Captioned web images:

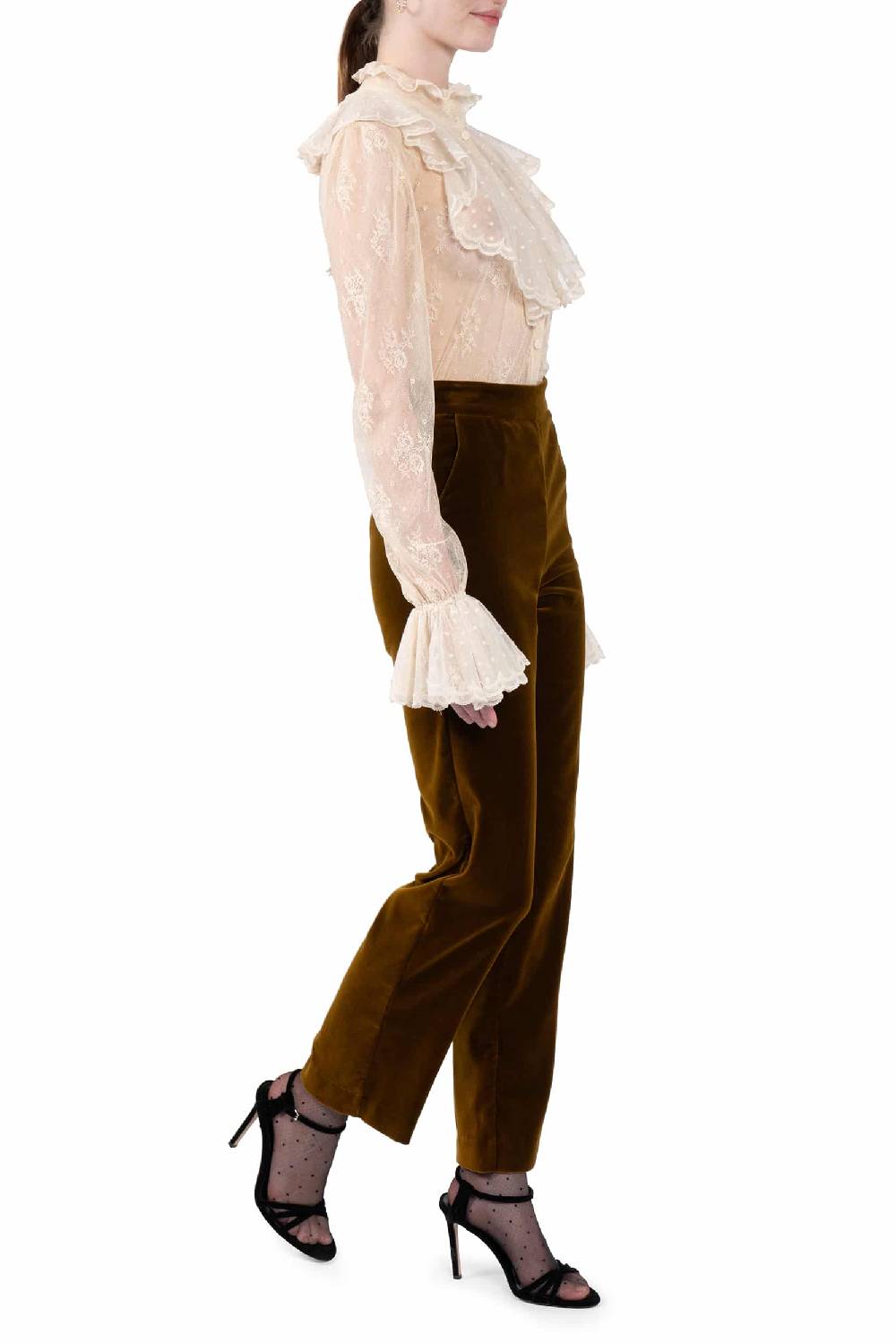 Luisa Beccaria Camicia Con Volant In Pizzo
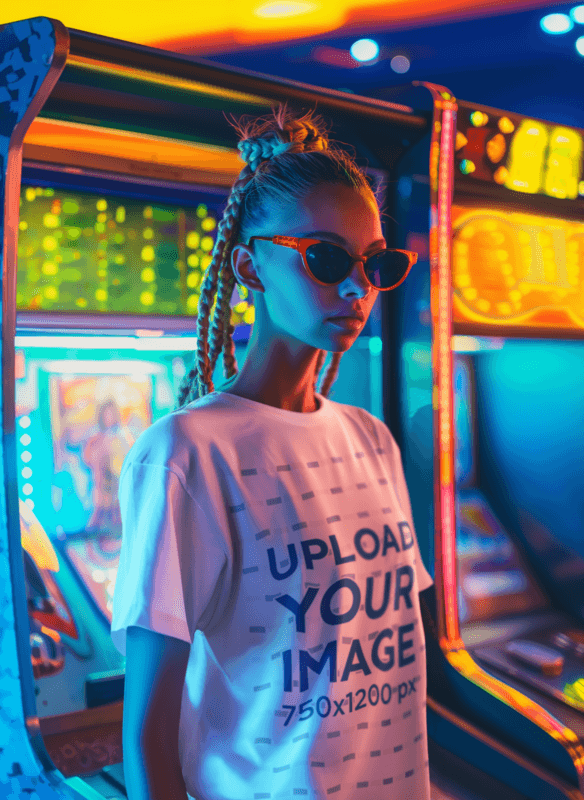 Blank Round Neck T Shirt Mockup Featuring An AI Created Woman With Braids In An Arcade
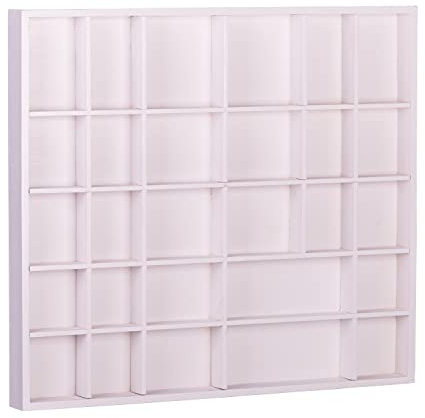DECOCRAFT Multi Compartment Wooden Wall Storage Display Unit Shelf 28 Individual Sections for Small Keepsakes, Essential Oils, DIY Jewellery, Toys, Cars, Natural White Wood
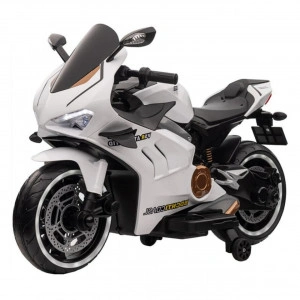 Motocicleta Electrica cu Acumulator Pentru Copii NOVOKIDS™ Super Rider GP , 12V ,3-7 ani ,Max 30 kg , Cu Sunete si Lumini LED ,USB si Bluetooth ,Roti ajutatoare ,Alb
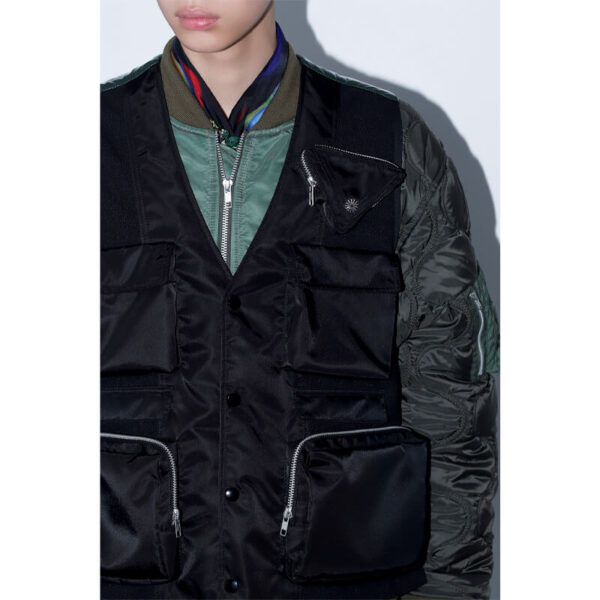 Coating Taffeta Vest - Black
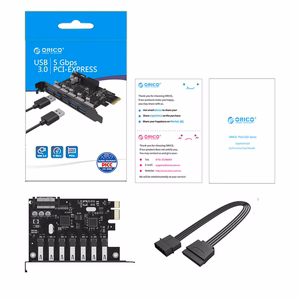 Orico PVU3 PCIe-laajennuskortti 7 USB 3.0 -liitännällä pöytätietokoneisiin – musta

> **Work to be completed**:
Every line from the line containing "DECOCRAFT Multi Compartment" through the last line above is to be printed exactly. Pictures are not copied.

> **Written solution**:
DECOCRAFT Multi Compartment Wooden Wall Storage Display Unit Shelf 28 Individual Sections for Small Keepsakes, Essential Oils, DIY Jewellery, Toys, Cars, Natural White Wood
 Motocicleta Electrica cu Acumulator Pentru Copii NOVOKIDS™ Super Rider GP , 12V ,3-7 ani ,Max 30 kg , Cu Sunete si Lumini LED ,USB si Bluetooth ,Roti ajutatoare ,Alb
 Coating Taffeta Vest - Black
 Orico PVU3 PCIe-laajennuskortti 7 USB 3.0 -liitännällä pöytätietokoneisiin – musta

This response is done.